> [Task description]:
Skip all pictures; return exactly the lines from the one containing "Zaffiri Precision IBS" through the end of the data.

Data entries
= = = = = = =
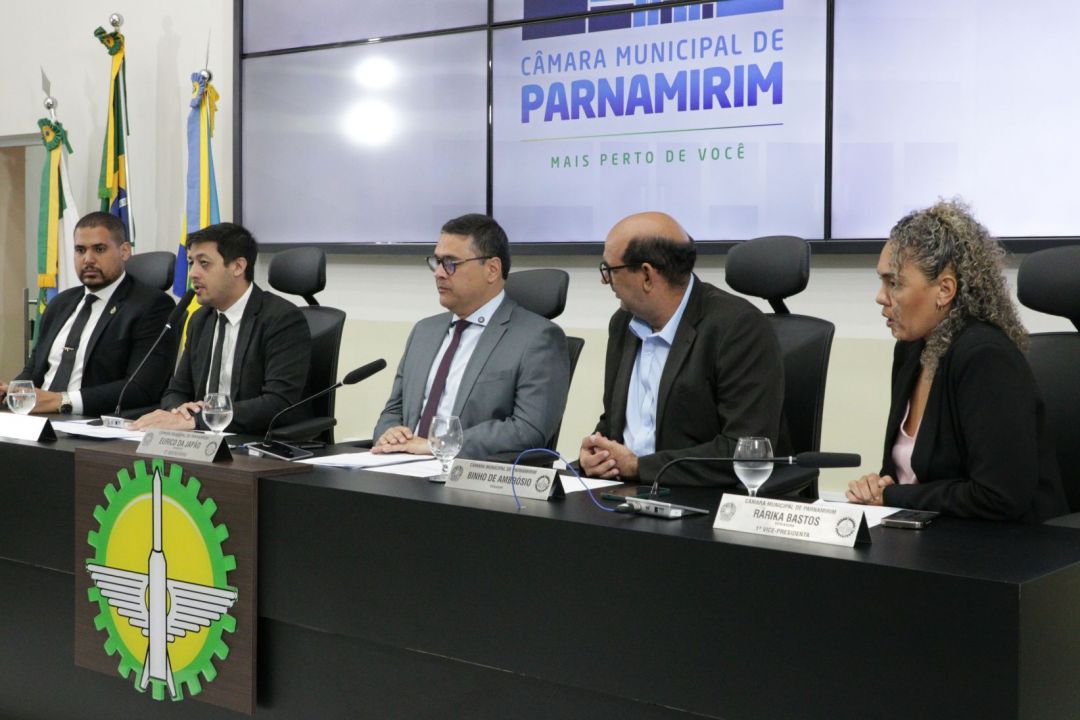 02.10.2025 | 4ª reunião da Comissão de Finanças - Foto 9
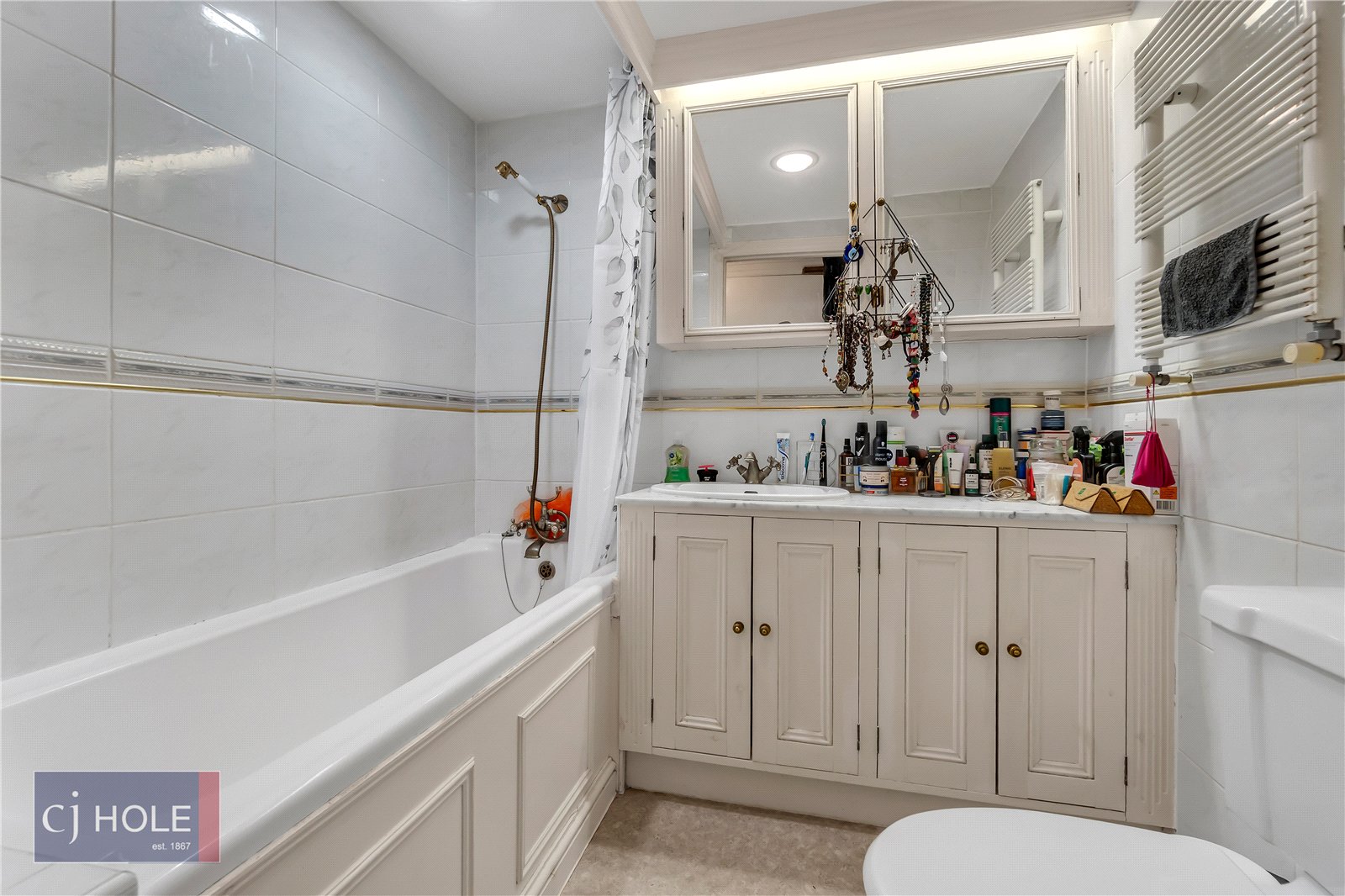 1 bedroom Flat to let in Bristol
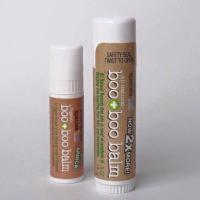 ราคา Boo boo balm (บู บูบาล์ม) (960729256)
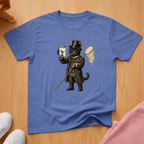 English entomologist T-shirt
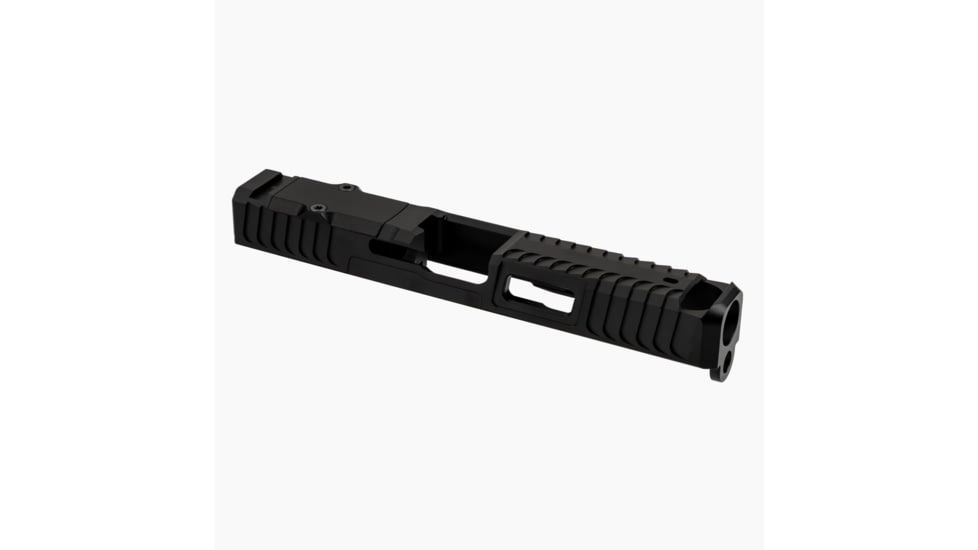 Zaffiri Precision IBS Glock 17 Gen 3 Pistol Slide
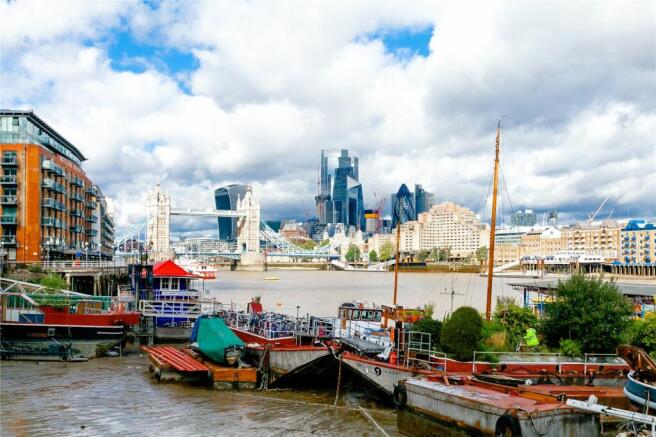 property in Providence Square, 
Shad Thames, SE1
= = = = = = =
> [Exercise output]:
 Zaffiri Precision IBS Glock 17 Gen 3 Pistol Slide
 property in Providence Square, 
Shad Thames, SE1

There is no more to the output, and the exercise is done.